We want to introduce our readers to a rare and amazing page in the chronicles of our city – a city with an extensive history that has survived many raids and remained standing through the toughest years, which kept growing and becoming more beautiful over the course of several centuries. For the most part, Moscow was able to survive due to the monasteries, the construction of which was the brainchild of the rulers of the Moscow kingdom.

An interesting fact: the monasteries were erected in Moscow for more than just religious purposes. They were also a good protection mechanism for city residents during raids or fires. These monasteries are located in the south of Moscow, since attacks on the capital came mostly from the south and the west.

Novodevichy women’s convent

Address: Novodevichy Passage 1, m. Sportivnaya
Tel. : Diocesan Office: +7 (499) 246-0881, church: +7 (499) 245-3168, tour desk: +7 (499) 246-8526

Novodevichy, one of the oldest and most beautiful monasteries in Russia, has kept its unique ensemble of buildings from the 17th century. The monastery was never reconstructed, which is why it has managed to retain its original architectural beauty over the centuries.

Novodevichy Convent was founded in May of 1524 by the Grand Prince of Moscow Vasily III to commemorate the victory over Smolensk (1514), which had been under Lithuania’s control for over a hundred years. The event marked the unification and establishment of a single, independent Grand Duchy of Moscow. The reigning idea of the royal founder, the succession of the two kingdoms (Byzantium and Rus), is expressed in the fact that the main cathedral church of the monastery is dedicated to the Smolensk Icon of the Mother of God, named Hodegetria. The image of Hodegetria was the main shrine of Constantinople and the sacred palladium of the Byzantine Empire.

At the order of Vasily II, the first abbess of the Novodevichy Convent was the famous ascetic of the Suzdal Pokrovsky Monastery, nun Elena. 18 nuns arrived with her from Suzdal.
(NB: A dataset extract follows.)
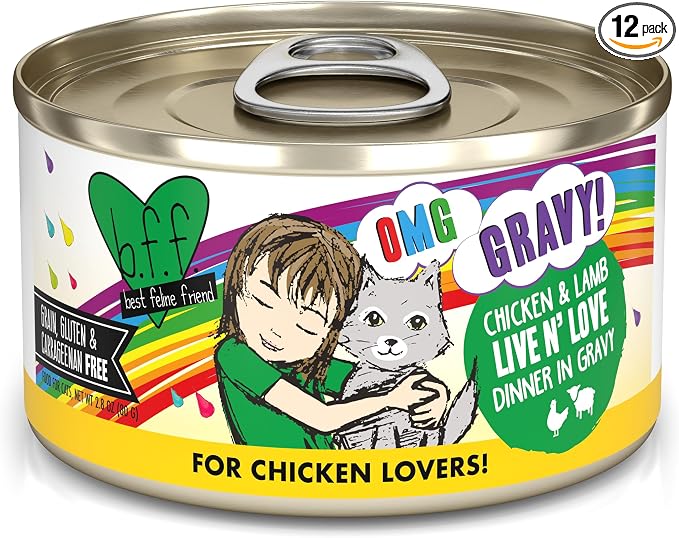 Weruva B.F.F. OMG - Best Feline Friend Oh My Gravy!, Chicken & Lamb Live N' Love with Chicken & Lamb in Gravy, 2.8oz Can (Pack of 12)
Their prayers and efforts at Novodevichy created the foundation of monastic life based on strict communal living.

From the second half of the 16th century to the end of the 17th century, the history of Novodevichy Monastery is closely tied to the fates of royal dynasties: the leaving Rurikids and the first Romanovs. In these walls, women from the royal family and elite households took their monastic vows. In 1549, Ivan the Terrible baptized (and, a year later, buried) his first-born daughter Anna. In 1564, Princess Juliana Paletskaya, the widow of Yuri Vasilievich, the King’s younger brother, took her monastic vows here. In 1582, Elena Sheremetyeva, the widow of his murdered son Ivan, took her monastic vows here as well. In 1598, after the death of Tsar Fyodor Ioannovich, Queen Irina Godunova relocated to the monastery from the Kremlin. Godunov built the widow spacious chambers, which were named after her, along with a house church (now called Amvrosievskaya Church). He also erected giant stone walls around it, turning into a strong fortress that protected the West of Moscow. In the middle of the 17th century, thanks to the efforts of the first Romanovs - Tsars Mikhail, Alexis and Fedor - Novodevichy was fully restored, released from taxes to the treasury and endowed with an estate. It became the wealthiest monastery in Russia.

The monastery fully blossomed during the reign of Sofia Alekseyevna (1682-1689). It was during her reign that the monastery acquired its unique architectural ensemble, which still surprises visitors with the harmony of proportions, variety of shapes and exquisite decorations.

Not all women came to the monastery of their own free will. At the order of Peter the Great, his sister Sofia Alekseevna was confined here and forced to become a nun after the Streltsy uprising. Those who sided with her were executed in front of the monastery and their heads were mounted on the wall.

In 1727, Queen Elena, the first spouse of Peter the Great, came the live at the convent. She was forced to take her monastic vows at the order of Peter the Great in 1699.

In 1812, the Novodevichy Monastery was occupied by French troops for a full month. Miraculously, the monastery was not ruined. When they were retreating, the French wanted to blow up the Smolensk Cathedral and the Church of the Assumption. Fortunately, the attempt was not successful.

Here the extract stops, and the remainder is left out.